:: Exercise ::
Reproduce the data exactly and drop any pictures it holds.

:: Listed records ::
*** Block opens ***
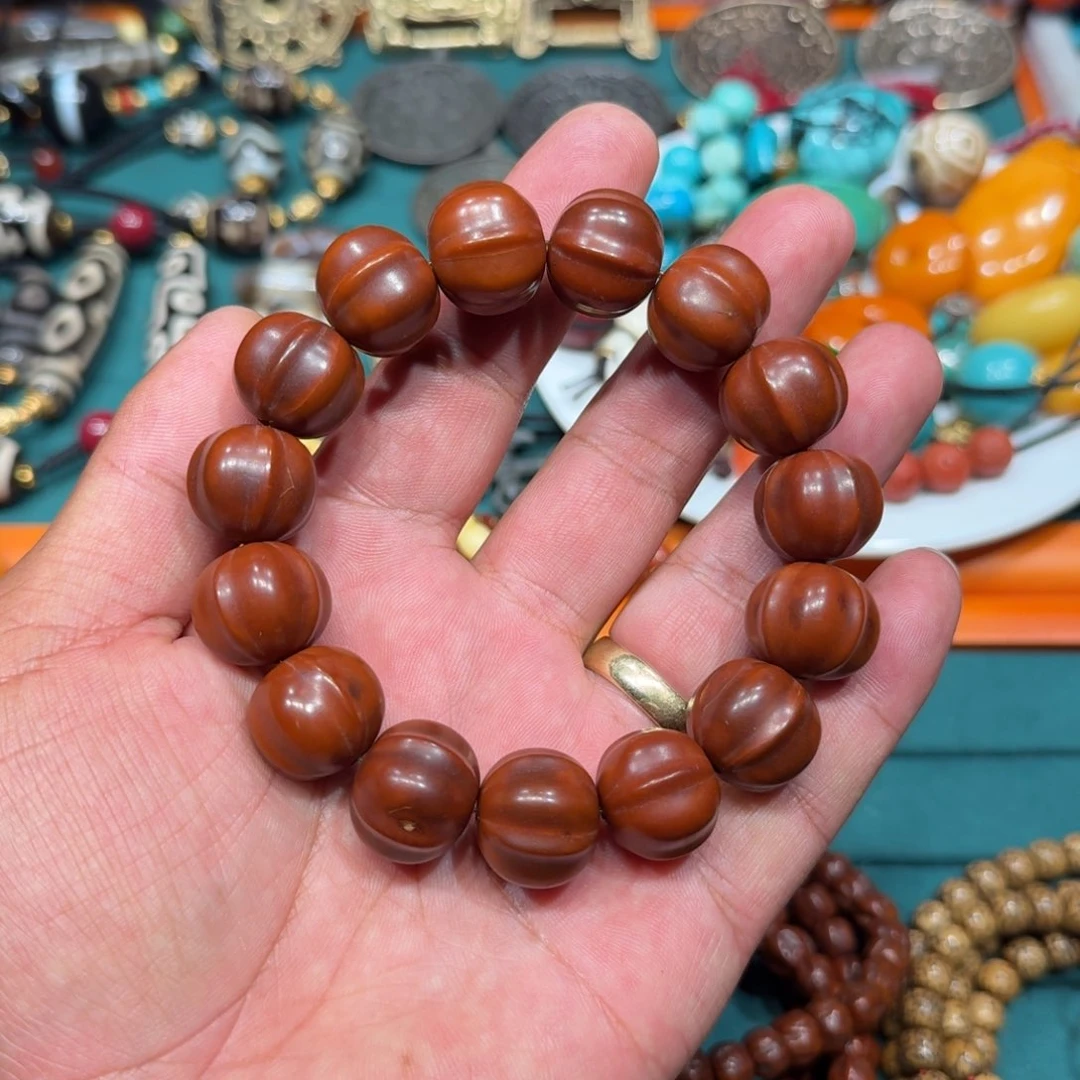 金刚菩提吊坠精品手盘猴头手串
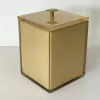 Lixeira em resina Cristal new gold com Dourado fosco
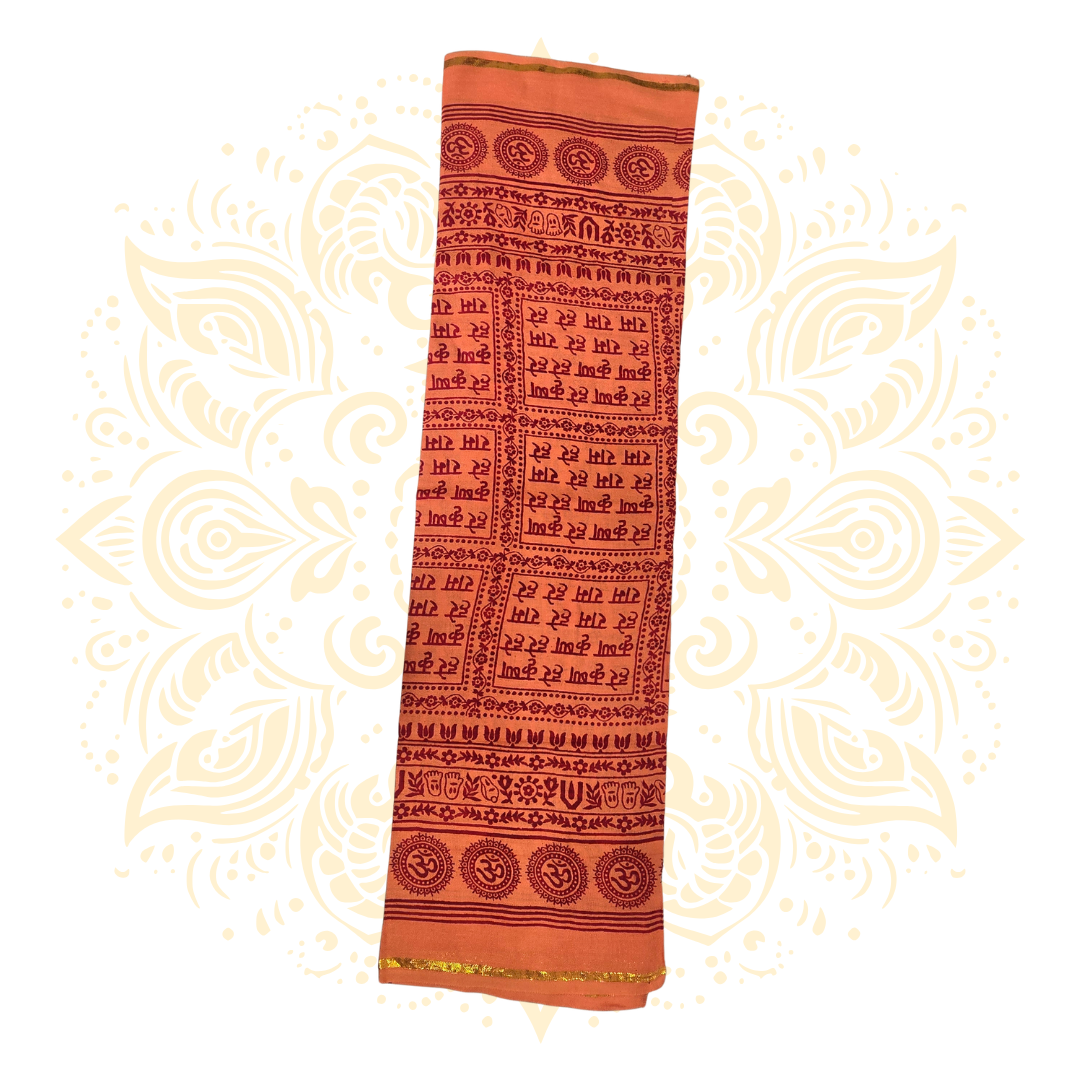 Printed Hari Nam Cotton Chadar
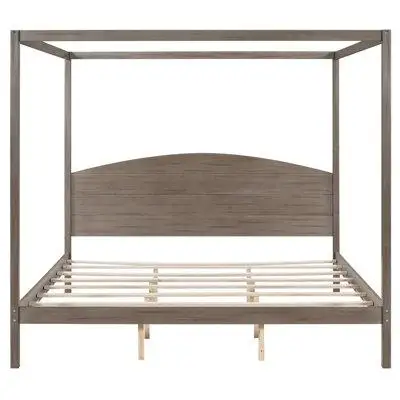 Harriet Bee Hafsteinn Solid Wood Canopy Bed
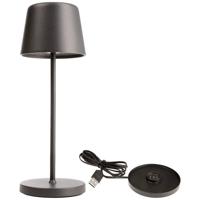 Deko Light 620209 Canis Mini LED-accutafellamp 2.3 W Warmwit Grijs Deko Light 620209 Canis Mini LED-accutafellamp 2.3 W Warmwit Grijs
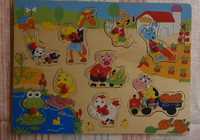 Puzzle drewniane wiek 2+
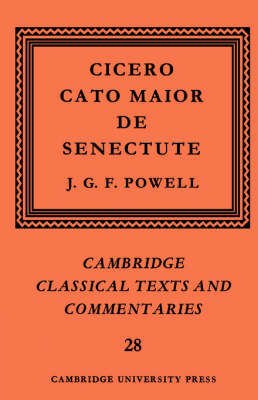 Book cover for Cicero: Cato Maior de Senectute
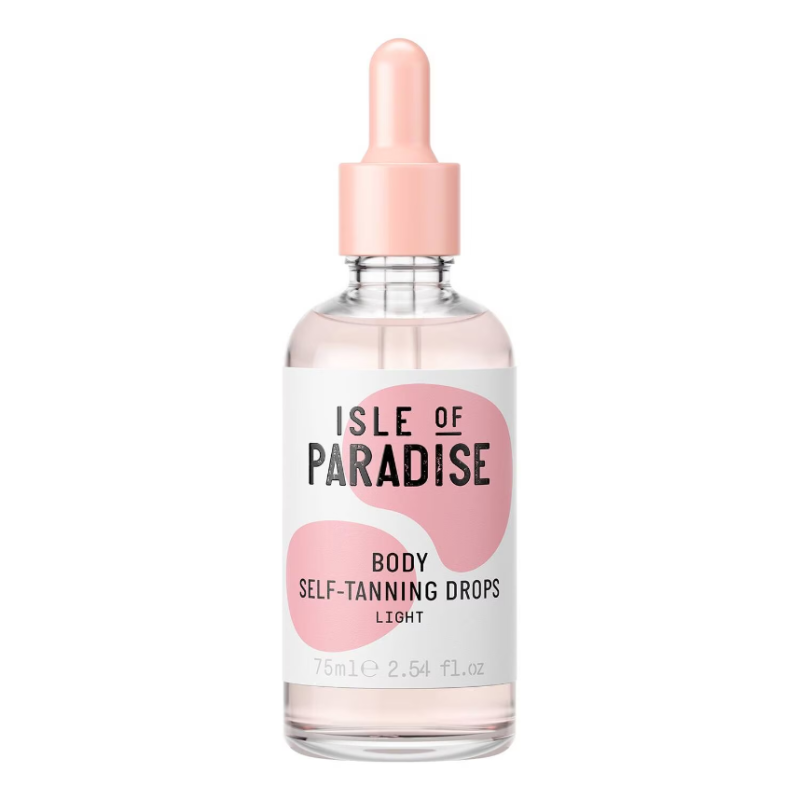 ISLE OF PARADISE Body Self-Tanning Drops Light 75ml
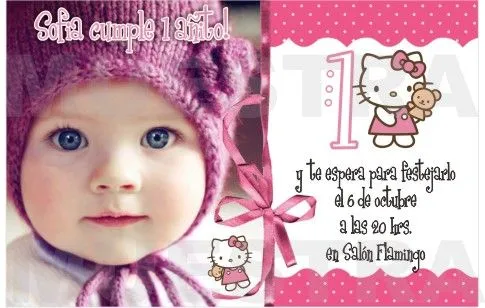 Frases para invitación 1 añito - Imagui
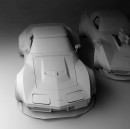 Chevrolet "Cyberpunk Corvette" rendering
*** Block closes ***
:: Output for this exercise ::
 金刚菩提吊坠精品手盘猴头手串
 Lixeira em resina Cristal new gold com Dourado fosco
 Printed Hari Nam Cotton Chadar
 Harriet Bee Hafsteinn Solid Wood Canopy Bed
 Deko Light 620209 Canis Mini LED-accutafellamp 2.3 W Warmwit Grijs Deko Light 620209 Canis Mini LED-accutafellamp 2.3 W Warmwit Grijs
 Puzzle drewniane wiek 2+
 Book cover for Cicero: Cato Maior de Senectute
 ISLE OF PARADISE Body Self-Tanning Drops Light 75ml
 Frases para invitación 1 añito - Imagui
 Chevrolet "Cyberpunk Corvette" rendering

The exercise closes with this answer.